Finkenwerder – Glückstadt – Brunsbüttel – Cuxhaven 29.06.- 03.07.2019

Am Sonnabend den 29.06.2019 fahren wir mit Sabine und Sebastian von Berlin aus wieder nach Hamburg.

Jetzt wird es wirklich ernst mit der Abreise. Kühlschrank und Wassermacher sind repariert, die letzten Einkäufe sind gemacht und von zu Hause haben wir noch ein paar fehlende Dinge mitgebracht.

Unser Boot liegt jetzt so tief im Wasser, das der Wasserpass (der normalerweise knapp über der Wasseroberfläche liegt) gar nicht mehr zu sehen ist.

Naja, wenn die Bordfrau ordentlich einkauft und der Skipper soooo viele Ersatzteile bunkert, dann kann das nicht anders enden.

In Karolinenhof haben wir noch mit den Hütern unseres Hauses alles besprochen. Vielen Dank an alle die sich in unserer Abwesenheit um Post, Blumen, Rasenmäher und die vielen anderen Dinge kümmern werden.

Bine und Basti übernachten noch mit an Bord und am Sonntag den 30.06.2019 mit dem auslaufenden Wasser am Nachmittag laufen auch wir aus.

Von Land fotografieren und winken Bine und Basti noch eine ganze Weile, dann sind wir wirklich unterwegs zu unserer langen Reise.

Geplant ist bis nach Cuxhaven zu kommen. Wir hatten auf der Fahrt nach Hamburg durch die einlaufende Flut so viel extra Geschwindigkeit, das wir das vom auslaufenden Wasser auch erwarten. Blöderweise weht ein heftiger westlicher Wind und es baut sich eine kurze aber sehr ruppige Welle vor uns auf. Wie wir hinterher von Insidern erfahren, fährt man bei Wind gegen Strom besser nicht raus. Jetzt wissen wir es auch. Immer wenn der Bug des Schiffes in ein Wellental kracht, geht die gesamte Geschwindigkeit verloren. So ist überhaupt nicht daran zu denken es bis Cuxhaven zu schaffen.

Wir akzeptieren es letztendlich und drehen um und laufen den Hafen Glückstadt an. Da wir sehr spät dran sind, gibt es nur noch einen einzigen schwierigen Liegeplatz – schräg zwischen einem Dalben und dem Steg und von der Seite der starke Wind.
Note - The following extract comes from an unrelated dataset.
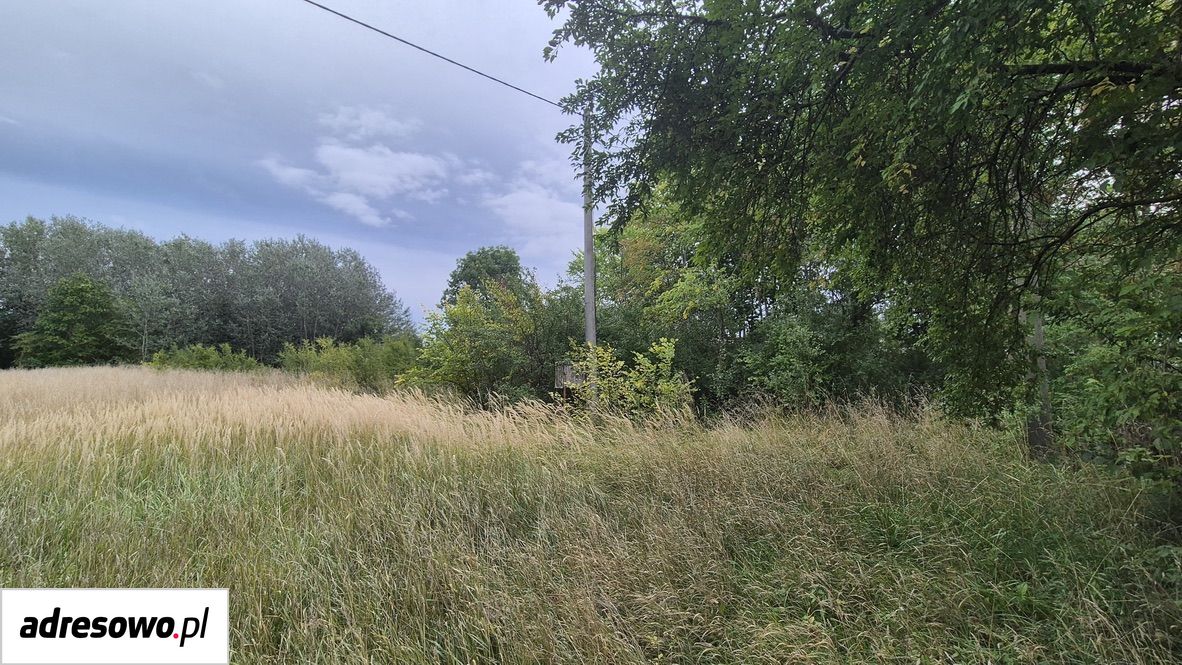 Działka budowlana Olszewice. Zdjęcie 4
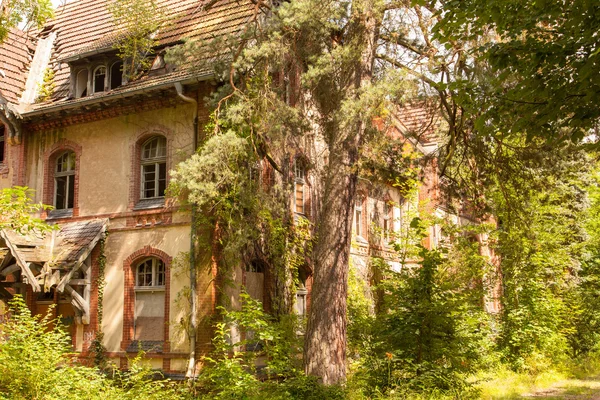 Een oude bijna geruïneerde gebouw staat in een forest — Stockfoto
Trotzdem sind wir froh fest und sicher zu liegen.

Am Abend gehen wir noch in das Restaurant Zur Alten Mühle essen. Trotz Küchenschluss ist der Koch so nett uns noch eine Kleinigkeit zu machen. Das Restaurant hat im Internet 4 Sterne, wir würden glatt 5 geben.

01.07.2019 – Jochens Geburtstag

Die Kinder hatten von Berlin aus noch Geburtstagsgeschenke mitgegeben, so das es einen richtigen Geburtstagstisch gab.

Der Kuchen wurde auch gleich zum Frühstück verkostet.

Natascha muss in die Stadt zum Augenarzt, das Auge tut schon den zweiten Tag weh. Glückstadt macht einen sehr entspannten Eindruck. Schleswig-Holstein liegt laut Glücksindex ganz vorn in Deutschland und Glückstadt ist dabei unter den 10 ersten Städten.

Christian IV., seines Zeichens König von Dänemark und Norwegen sowie Herzog von Schleswig und Holstein legte 1617 den Grundstein für die Stadt.

„Dat schall glücken und dat mutt glücken, und denn schall se ok Glückstadt heten.

Das ist wirklich eine glückliche Stadt mit freundlichen Bewohnern.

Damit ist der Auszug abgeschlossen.